● Description of the task: Reproduce exactly the lines below from the one containing "Abogados, músicos y" through the one containing "Phó trưởng công", including both, and nothing else.

● Supplied material:
────────────────
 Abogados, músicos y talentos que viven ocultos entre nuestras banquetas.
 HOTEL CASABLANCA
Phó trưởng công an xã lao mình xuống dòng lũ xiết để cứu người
────────────────
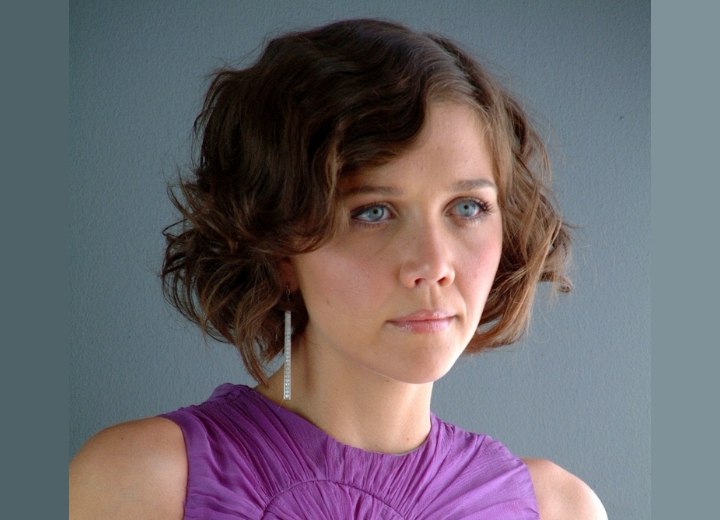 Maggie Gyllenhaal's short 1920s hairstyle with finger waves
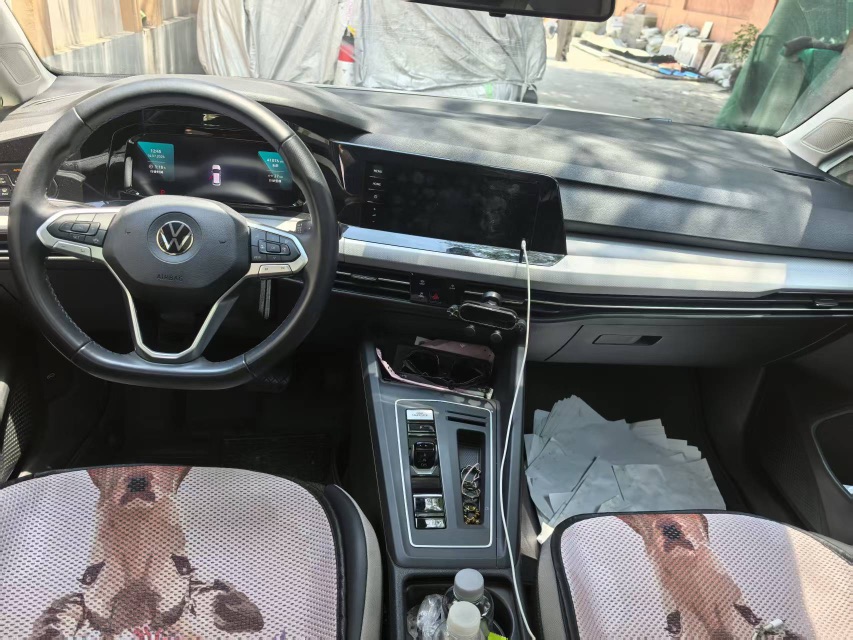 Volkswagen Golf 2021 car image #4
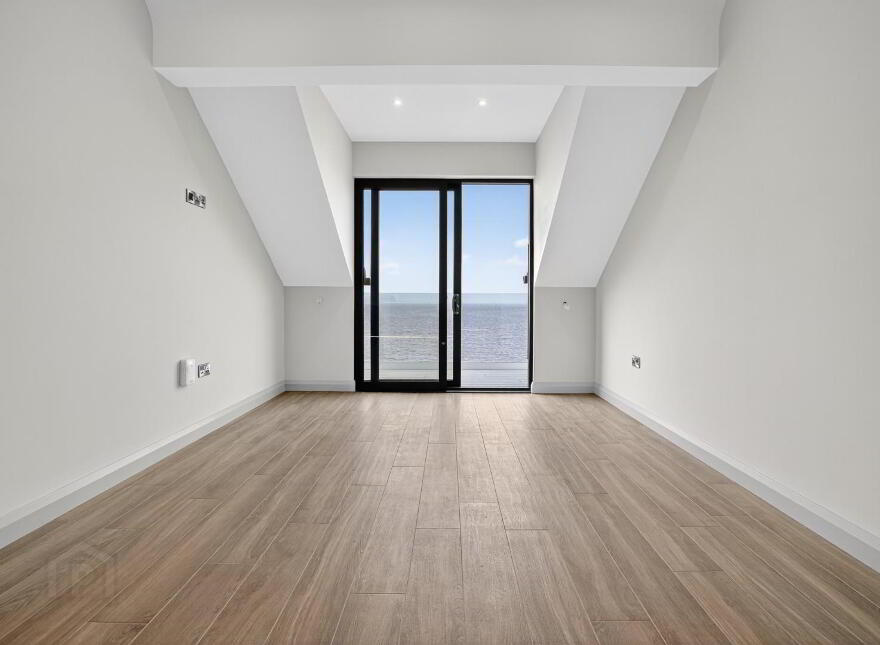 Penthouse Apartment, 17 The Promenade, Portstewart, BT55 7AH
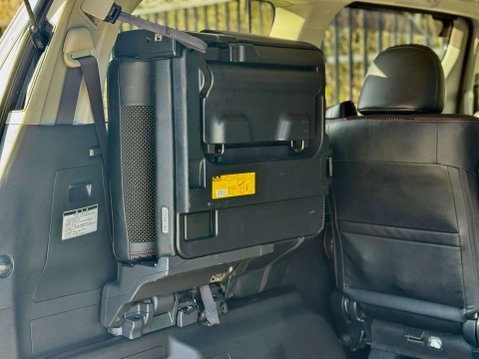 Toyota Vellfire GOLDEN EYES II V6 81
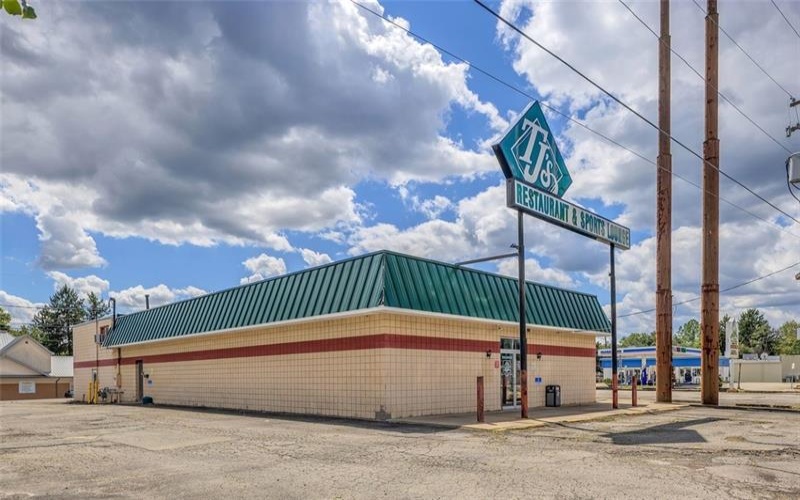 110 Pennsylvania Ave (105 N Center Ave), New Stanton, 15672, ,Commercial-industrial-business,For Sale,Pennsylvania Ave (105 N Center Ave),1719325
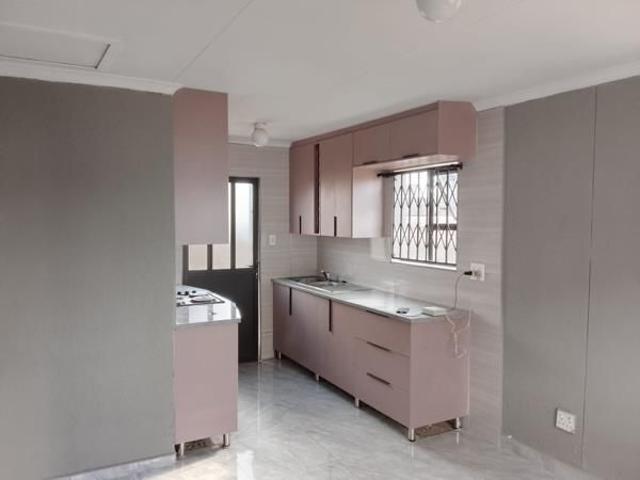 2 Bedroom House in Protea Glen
────────────────
● Answer section:
 Abogados, músicos y talentos que viven ocultos entre nuestras banquetas.
 HOTEL CASABLANCA
Phó trưởng công an xã lao mình xuống dòng lũ xiết để cứu người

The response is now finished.